First Cutting of the Greensward 2024

This event has become a regular feature as it (possibly) signals the arrival of a warmer climate. Previous reports can be found using these links for 2023 and 2022. It wasn't a great mow in terms of quantity though it was a welcome source of fresh green garden waste for the hot composting bins.

Photo 1: First Cut of our Neighbour's Lawn

There are a few data sampling issues when using the first grass cut of the year as a phenological indicator. Firstly, the decision to perform the first cut of the year is entirely within the realm of my neighbour. Second, I am fairly certain that aesthetics play a more important role than scientific rigour (e.g. making the first cut when the grass is 5 centimetres tall). Third, the date of the last mowing from the previous year may be a confounding factor (variable).

Nevertheless, that is not going to stop me looking for 'reasonable' correlations with weather data. I am discounting other factors (e.g. lawn treatments) and the presence of family pets (dog and cat); the former does not happen and I cannot quantify the latter.

So the first, and perhaps, most obvious factor to consider is the outdoor temperature. In Figure 1, I have plotted the average monthly temperatures (December, January & February) and the average Winter temperatures (DJF) for the past 5 years against the day of the year (Day 1 is January 1st) when the first lawn happened.

Figure 1: Effect of Average Monthly Temperatures on the First Lawn Mow of the Year

December, February and Winter temperatures behave as expected - that is, the warmer the weather the earlier the first cut of the greensward. January is a bit of an anomaly but the correlation is also the worst so we will not read too much into that without more data.

Interestingly, the best correlation by far is with the December average temperature. I recall from memory that grass stops growing at 4 ℃ though according to this article it is 5 ℃. We won't quibble over the odd degree. Soil temperature is probably more important than the air temperature - however, in the absence of severe frosts, air and soil temperature are probably interchangeable for our purposes.

Other factors that could influence the first use of the lawnmower might be (i) rainfall, (ii) sunshine, and (iii) severity and number of frosts.

Rainfall shows no overall correlation with the date of the first grass cut.
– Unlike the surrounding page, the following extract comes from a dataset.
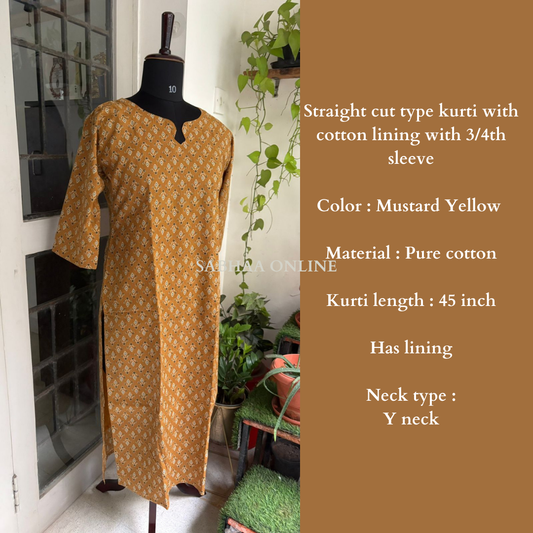 Mala - Yellow Cotton kurti with lining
Generally there is sufficient rain over the winter months - however, in 2023, February was very dry and the first mow was the latest in this time series.

Sunshine hours correlate rather well with the date of the earliest first cut (especially for January and February) but the overall effect is low (Figure 2).
Figure 2: Sunshine Hours vs Date of First Cut

Finally, I had a look at whether the number of frost days during the Winter season could be linked with the date of the first mowing. The data suggests that a higher number of frosts, especially in February, might delay the onset of the lawn mowing season but the relationship was not strong.
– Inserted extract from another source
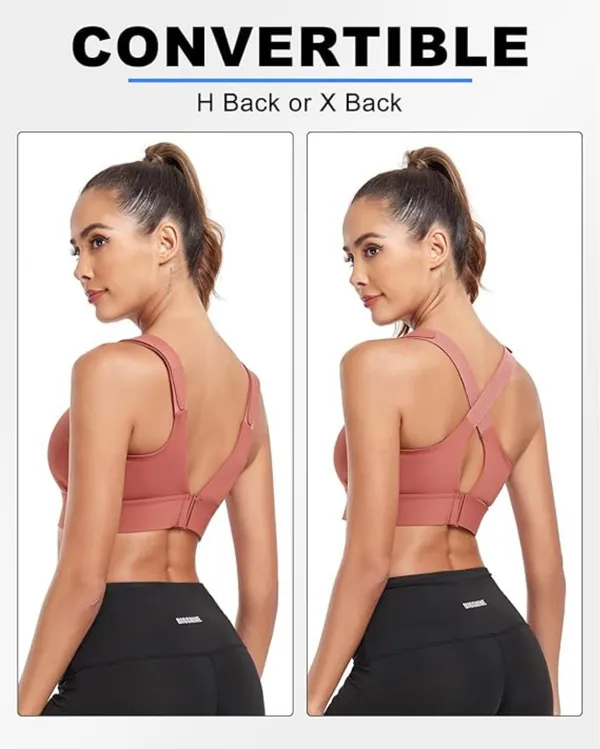 Padded_High_Impact_Front_Zip_Compression_Sports_Bra_Criss_Cross_Back_Adjustable_Velcro_Strap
As might be expected, there is a temporal relationship between the first snowdrop, the first daffodill and the first grass cut - although the correlation between the first appearance of a daffodil and the first grass cut is much stronger.

Figure 3: Phenology Relationships

In summary, the warmer climate we are experiencing because of climate change can be readily seen in the earlier flowering of plants (snowdrops and daffodils) as well as an earlier start to the growing season after winter (grass).